Providers are doing business in an environment where health care recently surpassed finance as the industry most targeted by hackers, said Albaugh, a technical solutions consultant at VGM.

“It's so rich in the kind of data that hackers are looking to sell on the black market,” she said. “You're talking about patient names and addresses, their Social Security numbers. With that information, they can open bank accounts and purchase homes. That's why health care is being targeted.”

The costs of a security breach are huge, Albaugh said: It rings up at about $402 per patient record, causing 60% of companies to go out of business within a year of a breach.

“To think about your risk level, multiply $402 by your number of patient records,” she said. “That's what's active, what's in storage— even your paper records, as well.”

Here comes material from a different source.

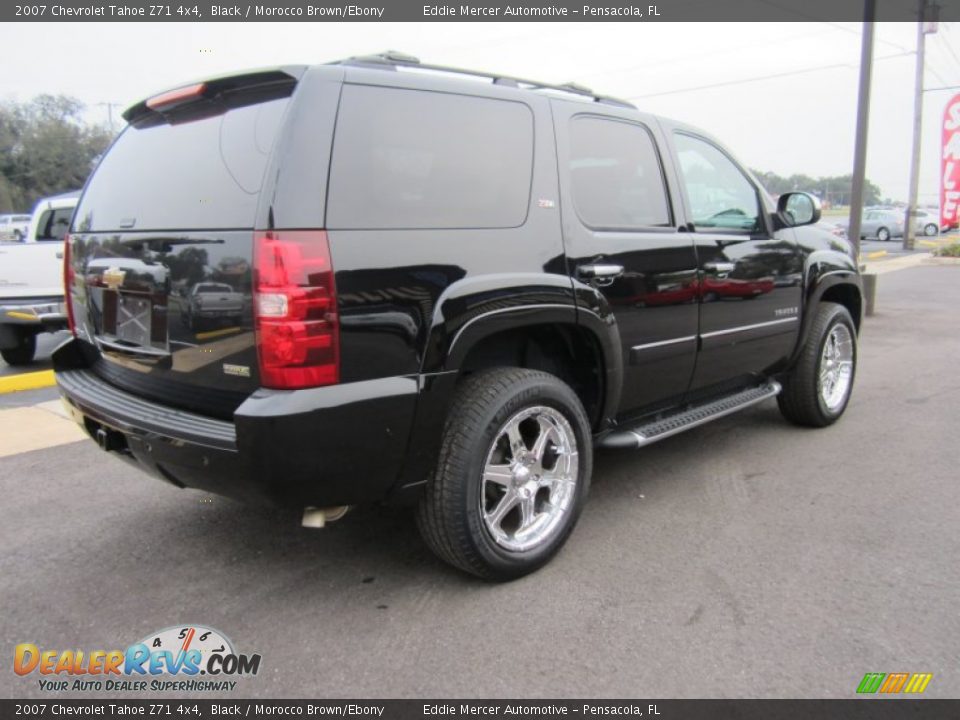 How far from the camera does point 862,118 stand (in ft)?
33.7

There's also the cost to a company's brand, which can result in losing customers and contracts, Albaugh said.

To address cybersecurity concerns, as well as compliance concerns, providers need to have a strong security and risk assessment on file that addresses administrative, physical and technical considerations. When the Office of Civil Rights audits providers, this, as well as business associate agreements, is where the agency tends to focus.

“(OCR) audits are going to pick back up again,” said Kelly Grahovac, a senior consultant at The van Halem Group, “and these were the big ones for fines (in the past).”

When asked what the best practices are for security and risk assessments and whether or not providers should hire a third party, Grahovac said it depends on the level of sophistication of their organization, particularly their IT and security personnel.

Grahovac also advised attendees to return to their assessment with any change to the organization.

“It's not a one and done,” she said.

Albaugh and Grahovac also emphasized the importance of HIPAA policies and procedures, and employee training.

“Educate, educate and then re-educate,” Albaugh said. “Once a year is not going to cut it.”